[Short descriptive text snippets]
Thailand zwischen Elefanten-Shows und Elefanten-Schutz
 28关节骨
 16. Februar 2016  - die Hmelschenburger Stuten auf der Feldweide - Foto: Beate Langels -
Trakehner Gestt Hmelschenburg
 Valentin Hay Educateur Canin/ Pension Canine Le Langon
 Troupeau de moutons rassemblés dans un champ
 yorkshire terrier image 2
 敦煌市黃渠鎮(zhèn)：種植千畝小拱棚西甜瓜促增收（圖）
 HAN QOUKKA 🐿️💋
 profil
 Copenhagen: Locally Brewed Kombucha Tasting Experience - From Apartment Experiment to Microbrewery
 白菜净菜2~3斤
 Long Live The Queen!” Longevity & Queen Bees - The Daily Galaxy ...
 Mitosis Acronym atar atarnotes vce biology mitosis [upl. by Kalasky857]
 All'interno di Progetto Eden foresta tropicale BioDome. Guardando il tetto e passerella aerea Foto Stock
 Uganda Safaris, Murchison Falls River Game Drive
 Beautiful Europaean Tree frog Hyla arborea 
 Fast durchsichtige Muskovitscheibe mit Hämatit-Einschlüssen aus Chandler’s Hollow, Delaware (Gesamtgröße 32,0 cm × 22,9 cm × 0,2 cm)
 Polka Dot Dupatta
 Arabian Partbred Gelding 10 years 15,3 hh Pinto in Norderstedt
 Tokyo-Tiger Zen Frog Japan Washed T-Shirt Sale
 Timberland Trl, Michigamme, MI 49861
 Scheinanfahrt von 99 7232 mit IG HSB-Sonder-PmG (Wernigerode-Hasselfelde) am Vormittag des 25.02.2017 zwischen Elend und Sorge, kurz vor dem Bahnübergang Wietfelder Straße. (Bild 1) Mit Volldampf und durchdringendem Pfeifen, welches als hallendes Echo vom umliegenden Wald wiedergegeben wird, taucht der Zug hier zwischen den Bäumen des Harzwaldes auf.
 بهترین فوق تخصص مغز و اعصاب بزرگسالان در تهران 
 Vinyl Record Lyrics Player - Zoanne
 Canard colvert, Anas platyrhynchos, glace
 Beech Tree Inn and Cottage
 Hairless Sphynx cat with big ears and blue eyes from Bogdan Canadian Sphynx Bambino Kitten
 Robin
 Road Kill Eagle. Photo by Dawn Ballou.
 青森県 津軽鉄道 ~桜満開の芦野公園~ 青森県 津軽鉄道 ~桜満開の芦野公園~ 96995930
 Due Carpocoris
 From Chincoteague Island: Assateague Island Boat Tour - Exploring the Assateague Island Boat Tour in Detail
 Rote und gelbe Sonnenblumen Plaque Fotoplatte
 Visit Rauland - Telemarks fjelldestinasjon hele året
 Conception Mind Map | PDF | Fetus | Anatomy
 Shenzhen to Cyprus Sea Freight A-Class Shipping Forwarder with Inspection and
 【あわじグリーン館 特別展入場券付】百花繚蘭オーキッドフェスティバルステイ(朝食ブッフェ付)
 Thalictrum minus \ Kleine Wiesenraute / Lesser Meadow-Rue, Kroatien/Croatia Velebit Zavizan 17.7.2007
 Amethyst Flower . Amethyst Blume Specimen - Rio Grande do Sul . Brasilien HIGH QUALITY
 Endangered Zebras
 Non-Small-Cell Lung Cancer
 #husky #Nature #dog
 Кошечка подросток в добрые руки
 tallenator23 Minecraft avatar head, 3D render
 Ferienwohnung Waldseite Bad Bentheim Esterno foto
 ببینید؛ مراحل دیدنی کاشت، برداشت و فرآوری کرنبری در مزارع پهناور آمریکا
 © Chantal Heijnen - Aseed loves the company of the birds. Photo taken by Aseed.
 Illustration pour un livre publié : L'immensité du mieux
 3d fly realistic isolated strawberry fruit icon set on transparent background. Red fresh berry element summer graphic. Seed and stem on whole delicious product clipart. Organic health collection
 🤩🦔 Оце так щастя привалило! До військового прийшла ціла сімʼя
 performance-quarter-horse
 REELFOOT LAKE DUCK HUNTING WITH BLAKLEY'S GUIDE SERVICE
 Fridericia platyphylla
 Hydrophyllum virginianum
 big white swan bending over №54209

## [YOUR GOAL]
From the records above, transcribe exactly the run of lines that opens with the line holding "Shenzhen to Cyprus" and closes with the line holding "Illustration pour un", both included.

## [ANSWER FOR THIS EXERCISE]
 Shenzhen to Cyprus Sea Freight A-Class Shipping Forwarder with Inspection and
 【あわじグリーン館 特別展入場券付】百花繚蘭オーキッドフェスティバルステイ(朝食ブッフェ付)
 Thalictrum minus \ Kleine Wiesenraute / Lesser Meadow-Rue, Kroatien/Croatia Velebit Zavizan 17.7.2007
 Amethyst Flower . Amethyst Blume Specimen - Rio Grande do Sul . Brasilien HIGH QUALITY
 Endangered Zebras
 Non-Small-Cell Lung Cancer
 #husky #Nature #dog
 Кошечка подросток в добрые руки
 tallenator23 Minecraft avatar head, 3D render
 Ferienwohnung Waldseite Bad Bentheim Esterno foto
 ببینید؛ مراحل دیدنی کاشت، برداشت و فرآوری کرنبری در مزارع پهناور آمریکا
 © Chantal Heijnen - Aseed loves the company of the birds. Photo taken by Aseed.
 Illustration pour un livre publié : L'immensité du mieux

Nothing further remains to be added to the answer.